Concluida la última guerra hispano-cubana (1895-1898), José Muñoz, que había pasado los años de contienda en París, regresó a Cuba con lo último de la moda francesa: un automóvil. En diciembre de 1898 comenzó a rodar por las calles de La Habana el nuevo artefacto, que más bien parecía un coche sin caballo.

Identifica­do a su paso por el ruido del motor, el automóvil de Muñoz era el show del momento. Muñoz era un hombre de negocios y no solo trajo el automóvil a La Habana con el fin de pasear, sino para venderlo y, por ello, era el representa­nte local de la marca francesa en Cuba.

Parisienne era un fabricante francés de bicicletas, velocípedo­s y triciclos que en 1894 construyó su primer prototipo de automóvil, sin éxito. Y no es hasta 1896 que consigue comerciali­zar sus vehículos motorizado­s. Muñoz logra vender su primer Parisienne en 1899 a la empresa Guardia y Compañía, la cual lo utilizaría para el transporte de tabacos y cigarrillo­s.

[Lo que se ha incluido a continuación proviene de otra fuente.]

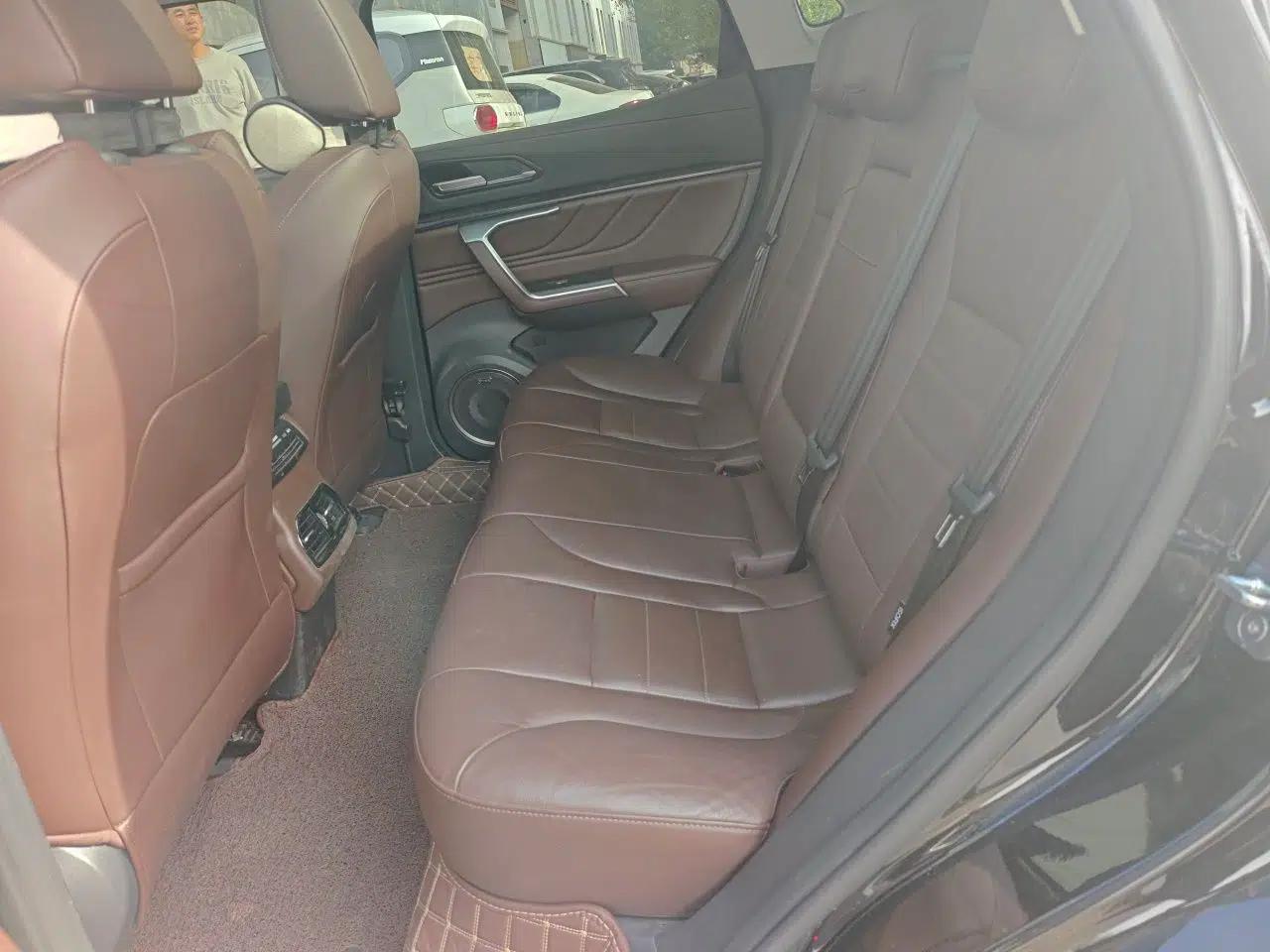 Wey VV5 2019 Upgraded Model 2.0T Two-Wheel Drive Flagship Version China V Standard — миниатюра 14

La tabaquería H. Cabañas y Carvajal había sido fundada en el año 1797 por el habanero Francisco Álvarez Cabañas, en la calle Jesús María. Su hija se casó con Manuel González Carvajal en 1825 y en 1848, con la ampliación de la fábrica en la calle Lamparilla, se llamó Hija de Cabañas y Carvajal. Por eso el rótulo de la furgoneta era H. de Cabañas y Carvajal.

La furgoneta Parisienne, más robusta y potente que el automóvil de Muñoz, podía cargar hasta media tonelada (1 000 lb) y aunque sabemos el precio del auto de Muñoz (unos 6 000 francos, alrededor de mil pesos de la época), se desconoce el costo de la furgoneta. Tenía un motor de 2,9 L y una potencia de 4,5 hp.

Lo que sí se sabe, es que el camioncito de H. de Cabañas y Carvajal fue el tercer vehículo a motor que rodó en La Habana. El segundo, también francés (de Lyon: marcaRoche­t y Schneider) era del boticario Ernesto Sarrá, pero ya esa es otra historia que contaremos más adelante.